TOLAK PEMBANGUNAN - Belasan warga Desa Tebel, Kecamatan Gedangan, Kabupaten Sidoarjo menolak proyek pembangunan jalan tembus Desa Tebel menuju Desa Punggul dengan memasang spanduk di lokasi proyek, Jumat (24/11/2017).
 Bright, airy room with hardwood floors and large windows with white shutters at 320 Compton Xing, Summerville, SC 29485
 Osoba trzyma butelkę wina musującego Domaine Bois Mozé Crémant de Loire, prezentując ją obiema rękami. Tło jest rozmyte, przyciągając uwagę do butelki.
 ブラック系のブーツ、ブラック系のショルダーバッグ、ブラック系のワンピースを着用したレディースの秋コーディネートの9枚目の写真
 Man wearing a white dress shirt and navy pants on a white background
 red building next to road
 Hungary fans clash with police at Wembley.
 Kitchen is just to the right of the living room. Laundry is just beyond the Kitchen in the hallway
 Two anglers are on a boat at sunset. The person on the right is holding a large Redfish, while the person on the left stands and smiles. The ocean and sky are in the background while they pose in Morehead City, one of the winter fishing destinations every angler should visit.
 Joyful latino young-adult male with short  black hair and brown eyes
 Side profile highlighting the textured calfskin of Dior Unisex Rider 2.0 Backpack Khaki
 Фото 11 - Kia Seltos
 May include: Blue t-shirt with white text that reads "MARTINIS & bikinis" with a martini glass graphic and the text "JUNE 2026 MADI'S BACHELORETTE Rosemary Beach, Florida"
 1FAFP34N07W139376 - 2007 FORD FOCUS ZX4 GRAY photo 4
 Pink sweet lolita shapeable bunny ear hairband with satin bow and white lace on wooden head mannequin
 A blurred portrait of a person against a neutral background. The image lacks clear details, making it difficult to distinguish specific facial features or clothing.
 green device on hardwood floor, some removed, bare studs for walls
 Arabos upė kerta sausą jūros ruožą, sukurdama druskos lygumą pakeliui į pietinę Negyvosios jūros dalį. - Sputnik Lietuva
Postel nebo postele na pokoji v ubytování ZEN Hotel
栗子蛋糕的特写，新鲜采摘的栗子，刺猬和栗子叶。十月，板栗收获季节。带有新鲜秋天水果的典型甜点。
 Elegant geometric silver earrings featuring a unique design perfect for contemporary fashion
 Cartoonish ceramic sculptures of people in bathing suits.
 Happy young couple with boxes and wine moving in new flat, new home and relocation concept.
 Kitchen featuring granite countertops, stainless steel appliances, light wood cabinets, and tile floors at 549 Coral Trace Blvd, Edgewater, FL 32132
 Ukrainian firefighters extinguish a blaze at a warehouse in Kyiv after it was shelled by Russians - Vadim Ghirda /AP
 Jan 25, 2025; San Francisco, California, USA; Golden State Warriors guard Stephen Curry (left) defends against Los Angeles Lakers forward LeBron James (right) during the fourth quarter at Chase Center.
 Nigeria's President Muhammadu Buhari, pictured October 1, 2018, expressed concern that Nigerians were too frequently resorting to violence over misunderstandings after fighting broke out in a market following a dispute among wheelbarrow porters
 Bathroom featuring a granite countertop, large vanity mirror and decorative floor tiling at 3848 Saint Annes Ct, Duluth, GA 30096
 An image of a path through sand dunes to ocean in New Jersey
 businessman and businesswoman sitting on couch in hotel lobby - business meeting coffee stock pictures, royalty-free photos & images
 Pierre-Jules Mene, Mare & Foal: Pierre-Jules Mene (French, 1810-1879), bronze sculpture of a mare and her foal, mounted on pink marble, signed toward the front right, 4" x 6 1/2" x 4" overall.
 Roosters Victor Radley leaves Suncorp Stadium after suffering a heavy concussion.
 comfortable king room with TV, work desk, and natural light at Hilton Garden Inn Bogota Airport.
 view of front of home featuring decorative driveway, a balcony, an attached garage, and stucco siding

☆ ☆ ☆ ☆

*Exercise brief*. Quote in full each line from the top of the records above through the line with "Фото 11 - Kia Seltos"; stop after that line.

*Result for this exercise*.
TOLAK PEMBANGUNAN - Belasan warga Desa Tebel, Kecamatan Gedangan, Kabupaten Sidoarjo menolak proyek pembangunan jalan tembus Desa Tebel menuju Desa Punggul dengan memasang spanduk di lokasi proyek, Jumat (24/11/2017).
 Bright, airy room with hardwood floors and large windows with white shutters at 320 Compton Xing, Summerville, SC 29485
 Osoba trzyma butelkę wina musującego Domaine Bois Mozé Crémant de Loire, prezentując ją obiema rękami. Tło jest rozmyte, przyciągając uwagę do butelki.
 ブラック系のブーツ、ブラック系のショルダーバッグ、ブラック系のワンピースを着用したレディースの秋コーディネートの9枚目の写真
 Man wearing a white dress shirt and navy pants on a white background
 red building next to road
 Hungary fans clash with police at Wembley.
 Kitchen is just to the right of the living room. Laundry is just beyond the Kitchen in the hallway
 Two anglers are on a boat at sunset. The person on the right is holding a large Redfish, while the person on the left stands and smiles. The ocean and sky are in the background while they pose in Morehead City, one of the winter fishing destinations every angler should visit.
 Joyful latino young-adult male with short  black hair and brown eyes
 Side profile highlighting the textured calfskin of Dior Unisex Rider 2.0 Backpack Khaki
 Фото 11 - Kia Seltos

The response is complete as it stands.